The desirable Turkey red of the 19th Century, named after the country where it was developed, was a long dye process using madder that produced a stable, bright red on cotton that barely faded.

It was the best red, until better, quicker synthetic dyes came along, but was expensive due to the many steps required.
7. Amaranth is a tall plant that produces bright red flowers and edible beige grain. There's a red food dye called amaranth, too. The grain is healthful. The healthfulness of the food dye is controversial. How are the plant and dye related?

Answer: the dye was named after the color of the grain flowers, that's all

Amaranth was a name given to an azo (chemical) dye, derived from coal tar or petroleum byproducts. It was/is used to dye food or cosmetics a deep red, as well as leather, paper, and other fibers and resins.
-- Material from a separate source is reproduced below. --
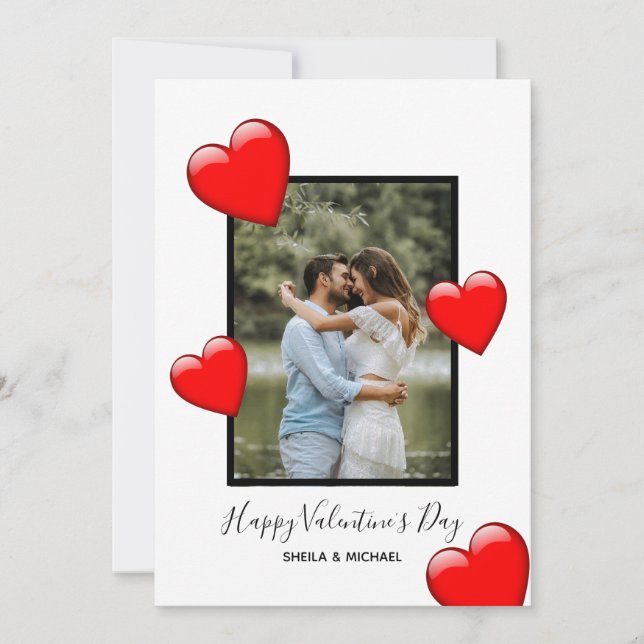 Cartes Pour Fêtes Annuelles Red Hearts White Happy Valentine's Photo (Devant)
It was banned in 1976 in the US by the FDA, which regulates food products, as a suspected carcinogen, but the dye is still used in foods in other countries, and in non-food products everywhere.

The azo dye was named after the dark red berries of the amaranth plant, but has no actual connection to any part of the plant.
8. Cudbear was a purple dye invented by Dr. Cuthbert Gordon of Scotland, who patented the process in 1758 and was soon shipping tons of purple dye from his secret laboratory. What raw material did he use for the dye that people were likin' so much?

Answer: lichen

Orchil lichens were boiled in ammonium carbonate and water, then kept in the room-temperature solution with extra ammonia for several weeks. At the end, the lichen could be dried and ground. Dr. Gordon tried to keep his laboratory and its methods secret, but needed to import lichen from Norway and Sweden at the rate of tons per year, not an operation one could perform too casually. Still, cudbear was an excellent dye, requiring no mordant on silk and wool, and Dr. Gordon received several letters of praise, signed by many businessmen, in the Scots Magazine, September 1776, about the value of cudbear.

The process was independently discovered by a French chemist about the same time also. I tried to offer the clue of likin' (lichen).
9. Delft, the color, wasn't a paint or dye made by the delft pottery folks, but delft pottery was so well known that when people thought of delft, what color did they think of? They were only unhappy when they couldn't get it.

Answer: blue

Delft or delftware was pottery, including tile, named for the nearby city of Delft, Netherlands. It was traditionally made in shades of blue and white. Delft blue became such a well known color that it would be recognized, whether in a painting or dyed on cloth.

The height of delftware began in the 1600s and lasted into the 1700s, though blue and white pottery and tile were so popular, they were made for export by China and Japan, made by the English potters, and are still made. A hint was: unhappy, blue.
10. Shakespeare used the word "incarnadine" in Macbeth to mean making an object a certain color, and the word soon entered the language as a noun meaning that color. What color is "incarnadine" in archaic usage? It's a color important in Macbeth.

Answer: blood red

Shakespeare used "incarnadine" as a verb in "Macbeth" II ii, introducing it into the English language circa 1605. "Incarnadine" was used as a noun to mean blood red, circa 1620, surely derived from Shakespeare's verb. Earlier, "incarnadine" was entering the English language from French or Italian with the meaning of pink or fleshcolor, but that meaning disappeared.